Procrit Disease Interactions

The use of erythropoiesis stimulating agents increases the risk of seizures in patients with chronic renal failure. Seizure development may be related to the rate of rise in hematocrit, which is also associated with blood pressure elevations. It is recommended to monitor patients closely for the development of premonitory neurologic symptoms during the first several months after the administration of these agents. Patients with epilepsy or predisposed to seizures should be monitored closely for blood pressure changes and neurologic symptoms during therapy with these agents.

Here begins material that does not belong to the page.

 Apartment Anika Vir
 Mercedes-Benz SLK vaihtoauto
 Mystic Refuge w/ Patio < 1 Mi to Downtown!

The increase in hematocrit and decrease in plasma volume associated with erythropoiesis-stimulating agents therapy may, theoretically, affect dialysis efficiency. Patients may require adjustments in their dialysis prescription after initiation of erythropoiesis stimulating agents. During hemodialysis, patients may require increased anticoagulation with heparin to prevent clotting.

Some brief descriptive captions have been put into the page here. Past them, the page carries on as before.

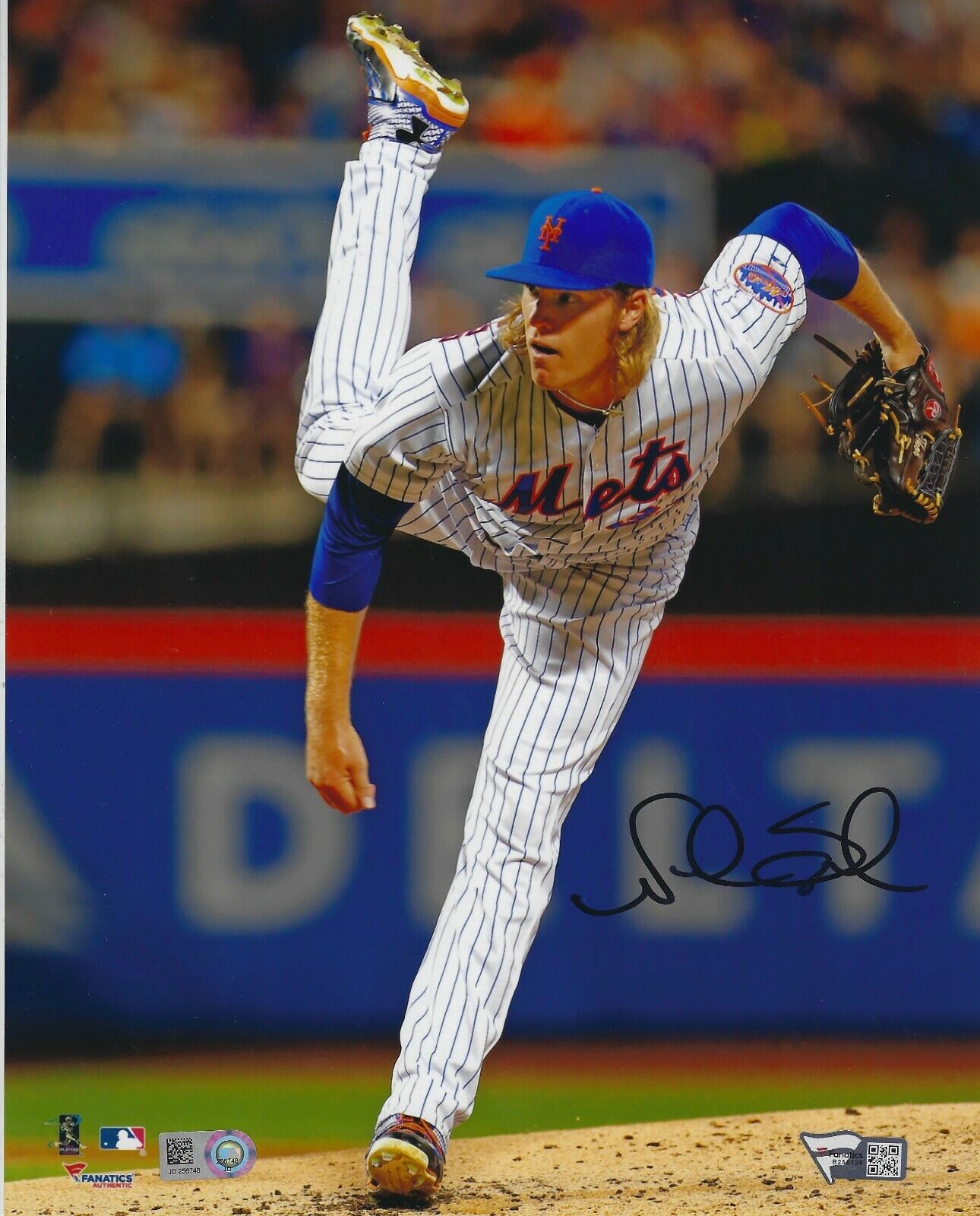 Signed 8x10 NOAH SYNDERGAARD New York Mets Autographed Photo Poster painting - Fanatics COA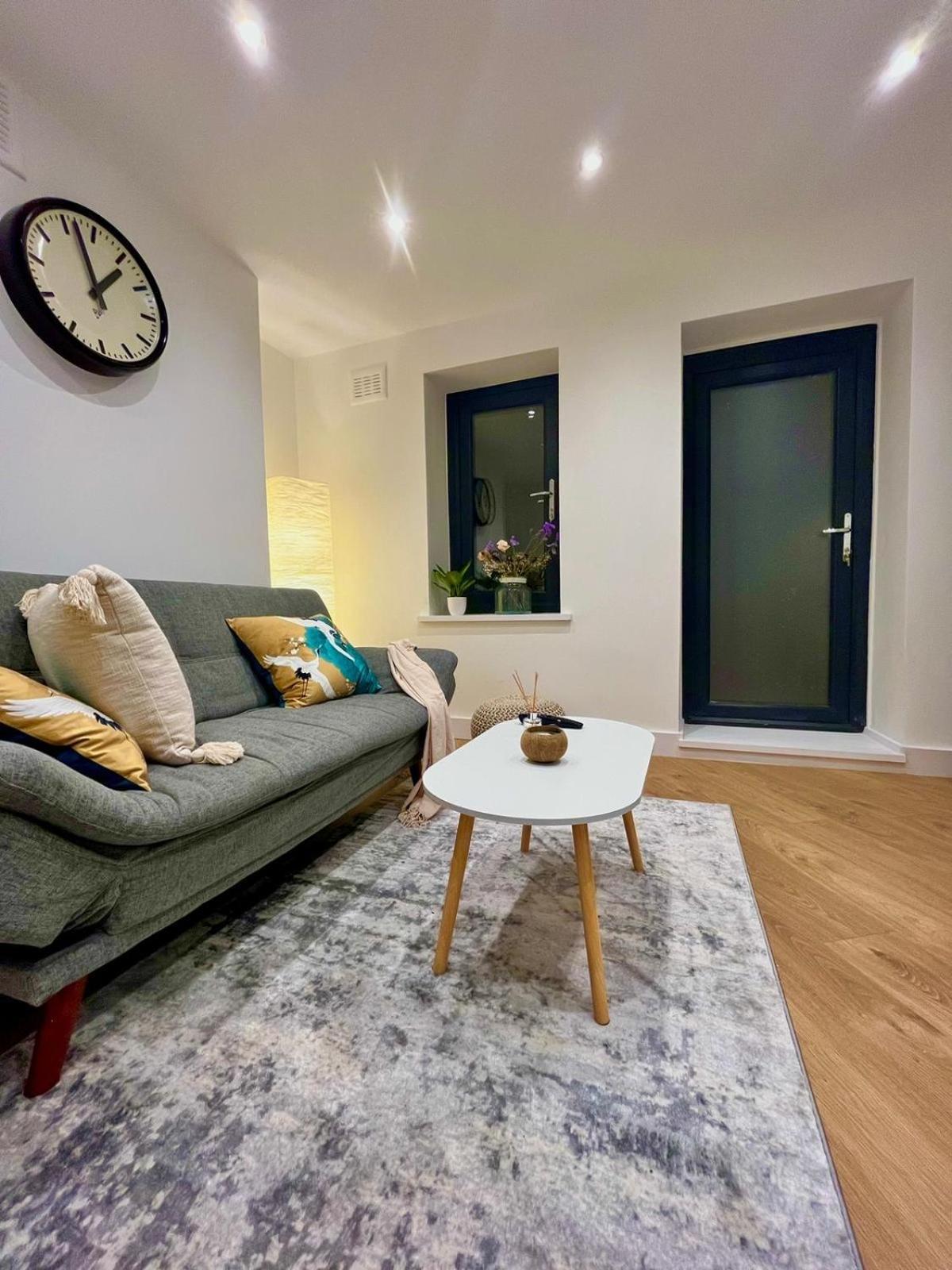 Cozy And Peaceful Apartment With Terrace In Hackney 伦敦 外观 照片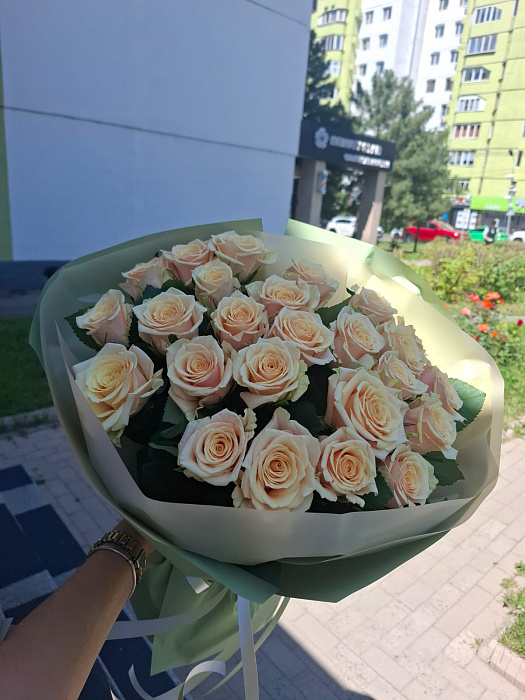 Классический букет кремовых роз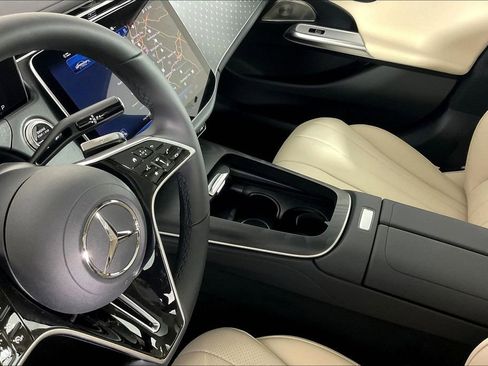New 2026 Mercedes-Benz E 350 4MATIC Sedan image 8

The use of erythropoiesis-stimulating agents is contraindicated in patients with uncontrolled hypertension. These agents may cause blood pressure to rise. Hypertensive encephalopathy and seizures have been observed in patients with chronic renal failure treated with these agents. Blood pressure should be adequately controlled prior to initiation of therapy, and monitored closely during treatment. Aggressive antihypertensive measures may be necessary, particularly early on in treatment when the hematocrit is increasing. It is recommended to reduce or withhold the use of these agents if blood pressure becomes difficult to control.

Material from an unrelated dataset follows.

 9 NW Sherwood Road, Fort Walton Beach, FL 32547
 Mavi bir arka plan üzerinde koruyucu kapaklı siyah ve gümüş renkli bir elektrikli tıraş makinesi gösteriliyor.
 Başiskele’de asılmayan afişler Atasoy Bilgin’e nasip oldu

The use of erythropoiesis-stimulating agents may be associated with an increased risk of thrombotic events and mortality. During clinical trials, an increased risk was observed in: 1) patients with chronic renal failure (CRF) and ischemic heart disease or congestive heart failure targeted to a maintenance hematocrit of 42%, and 2) in patients without CRF undergoing coronary artery bypass surgery. Although a causal relationship has not been established, therapy with these agents should be administered cautiously in patients with preexisting cardiovascular disease and/or a history of thrombotic events.

The use of epoetin alfa has rarely been associated with exacerbation of porphyria in patients with chronic renal failure. In healthy volunteers, however, epoetin alfa has not been shown to cause increased urinary excretion of porphyrin metabolites. Nevertheless, therapy with epoetin alfa should be administered cautiously in patients with porphyria.